U.S. Fed action comes too late to save Bear Stearns
I’m starting to get the sense that U.S. Federal Reserve Chairman Ben Bernanke’s job is harder than any of us can comprehend.
And a component of that Triple Black Diamond difficulty comes in the need for people in his position to have a sense of what problems are coming down the pike, and getting ahead of them.
Last fall, “Helicopter” Ben was chastized by many market observers for missing the signs in the weakening subprime mortgage market. Mr. Bernanke’s critics are going to have a field day after this week.
On Monday morning, rumours about liquidity issues at Bear Stearns (BSC:NYSE) became very insistent (see prior post “Bear rumour speaks volumes“, March 10-08). Despite having made the rounds for the prior couple of weeks, with little impact on the stock, the rumour seemed different this time. Bear’s shares started to crumple, falling 13% in the first 150 minutes of the trading day, and speculators were buying $58 dollar puts even though BSC was trading in the mid $60s. Unusually out-of-the-money.
Around midday on Monday, Bear Stearns boss Alan Greenberg called in to CNBC to say the rumours (posted here, thanks to a great tip, before Bloomberg and Reuters filed their initial stories; back pat) “were ridiculous”.
Not true.
The very people that provide credit to each other hundreds of times a day – the banks and brokerage firms – knew what they knew. Clearly, many of them were starting to get less comfortable advancing sums to BSC as of Monday. And perhaps Bear Stearns was no longer providing as much leverage to its “prime brokerage” clients as it had been in prior weeks. With less cash on hand, Bear wouldn’t be as able to provide as much credit to its hedge fund clients. Who better to ascertain the financial health of a business than the customers and counterparties?

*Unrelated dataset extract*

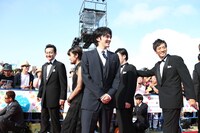 第8回沖縄国際映画祭「島ぜんぶでおーきな祭」レッドカーペットイベントの様子。(c)2016YDクリエイション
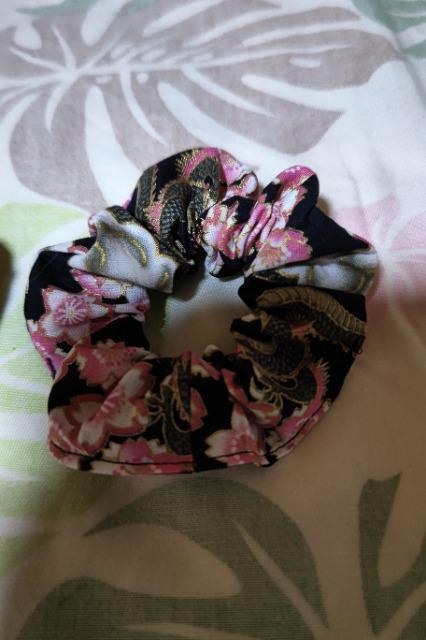 ★処分品★新柄黒×龍虎に桜満開和柄シュシュ大小2個セット < 女性ファッション  ★処分品★新柄黒×龍虎に桜満開和柄シュシュ大小2個セット < 女性ファッションの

These are but two of the many ways the Bear rumour might have been started, and I’m pretty sure – in hindsight – that it wasn’t a “rumour”.
It was a tremour. Like those hints you get from the tectonic plates shortly before a large earthquake is about to happen.
In an effort to help shore up firms such as Bear Stears, the U.S. Federal Reserve announced on Tuesday (undermining Mr. Greenberg’s earlier protestations), that it would now accept AAA mortgage-backed securities as collateral. A move clearly designed to help Bear Stearns, the #2 U.S. underwriter of mortgage-backed securities, among other large independents (think Lehman Brothers).
Here’s one take on the move by the CIBC World Markets’ Economics & Strategy Department:
Last Tuesday’s surprise Fed announcement that it would set up a new securities lending program to trade Treasuries for select mortgage-backed securities was greeted enthusiastically by financial markets. But despite the initial high hopes of investors, this measure, like the ones before it, will not be a cure-all. It will not fix the underlying credit issues that gave birth to the current financial crisis, nor will it keep home prices from continuing to fall, and it is unlikely to keep real GDP growth from sliding into negative territory during the first half of the year.
This latest creative policy action by the Fed is not intended to be a substitute for further
monetary easing over the next few months. Rather, it is designed to help ensure that rate cuts translate into lower effective borrowing costs for banks’ customers. Just as the Fed’s mid-December decision to temporarily set up a Term Auction Facility was largely motivated by the desire to control term borrowing costs for deposit-taking institutions, this latest Fed initiative is designed to help securities dealers boost the liquidity of their MBS holdings in order to increase their lending capacity.
In the end, this was too little, too late.
The news of the US$200 billion Term Auction facility drove North American financial shares higher on Tuesday, and Bear Stears recovered ~$6 of its Monday swoon. It didn’t last.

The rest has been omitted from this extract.